Anotasi :
Di dalam buku ini penulis mengangkat tragedi di Teluk Buyat. Buyat adalah bagian dari wilayah kehidupan Ratotokok sebuah persekutuan rakyat kecil di tepi selatan jazirah Sulawesi Utara yang memberikan tanda-tanda yang jelas bahwa zaman belum berubah. Kalau kolonialisme mengubah secara radikal agenda pengurusan negara, rezim kekuasaan setelah tamatnya kolonialisme mengikuti sepenuhnya pendahulunya, hanya kali ini dengan mendapatkan mandat dari rakyatnya.

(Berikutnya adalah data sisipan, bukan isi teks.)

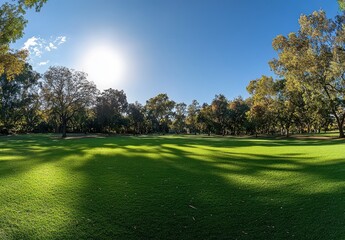 Fototapeta premium Expansive Green Lawn Under Bright Blue Sky with Sunlight and Tree Shadows Creating a Serene Outdoor Landscape in a Peaceful Natural Setting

Penulis juga memberikan pendapat seperti halnya pengenalan rezim produksi yang dikelola oleh negara kolonial India Belanda di abad ke 19, di mana penduduk negeri harus dipilah-pilahkan menurut fungsinya untuk proses pembuatan suatu barang, serta digolong-golongkan status kehormatannya sesuai dengan kepatutan peradaban barat yang paling mutakhir. Namun, selama lebih dari satu abad penggalian emas itu, kampung-kampung di sana tidak pernah menjelma menjadi rombongan masyarakat yang sejahtera dan selamat. Perusahaan besar dengan berkongsi atau dengan perlindungan kantor negara menduduki dan mengambil alih tambang rakyat. Pada saat yang sama, penggalian emas rakyat tanpa dukungan fasilitas keselamatan manusia dan lingkungan telah menjadi salah satu masalah serius yang belum mendapatkan sokongan jalan keluar. Pada tahun 1887, Totok Mining Company mengambil alih penggalian emas oleh rakyat sejak lama di wilayah timbunan emas Totok, yang mencakup wilayah dari Belang sampai sungai Buyat. Hampir satu abad kemudian, kembali terjadi pengerahan capital besar-besaran di pantai yang tenang itu dengan peralatan dan proses yang jauh lebih kuat.